Uns dois anos depois, quando já estava estudando na USP,cheguei a enviar novas amostras de roteiros para o estúdio do Maurício. Recebi pelo correio as avaliações feitas pela Alice, que não foram muito animadoras. uma das histórias que enviei mostrava o Penadinho conversando com a Dona Morte, que estava triste porque todos a temiam. Então, o Penadinho tentava animá-la mostrando como o trabalho dela era importante. A Alice recusou porque achou que a história poderia ser entendida como uma sugestão para suicídio. Outra história com o Cebolinha, a Mônica e o Cascão havia sido recusada porque havia sido considerada “violenta”,mas não me lembro os detalhes.

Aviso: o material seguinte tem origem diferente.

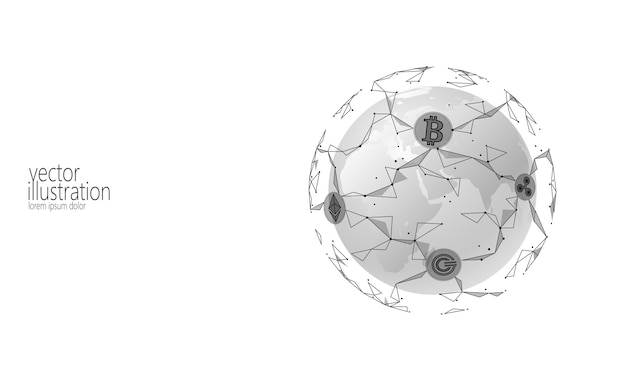 Criptomoneda global global de blockchain, Planet space low poly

Depois dessa última tentativa, desisti de criar roteiros com personagens alheios. Conforme o tempo foi passando,até por conta da minha graduação em História , fui deixando de escrever quadrinhos para cada vez mais escrever sobre quadrinhos. E foi justamente por causa disso que, para minha surpresa, meu nome apareceu citado no livro Maurício – Quadrinho a quadrinho,biografia autorizada de Maurício de Sousa, escrita pelo jornalista Sidney Gusman e lançada pela Editora Globo em 2006. Meu nome e dos demais autores do livro Como usar as histórias em quadrinhos na sala de aula (Waldomiro Vergueiro, Angela Rama, Paulo Ramos e Alexandre Barbosa) são citados nessa biografia quando Gusman menciona que se, no passado, educadores condenavam os quadrinhos, hoje até existem livros que recomendam o uso pedagógico das HQs.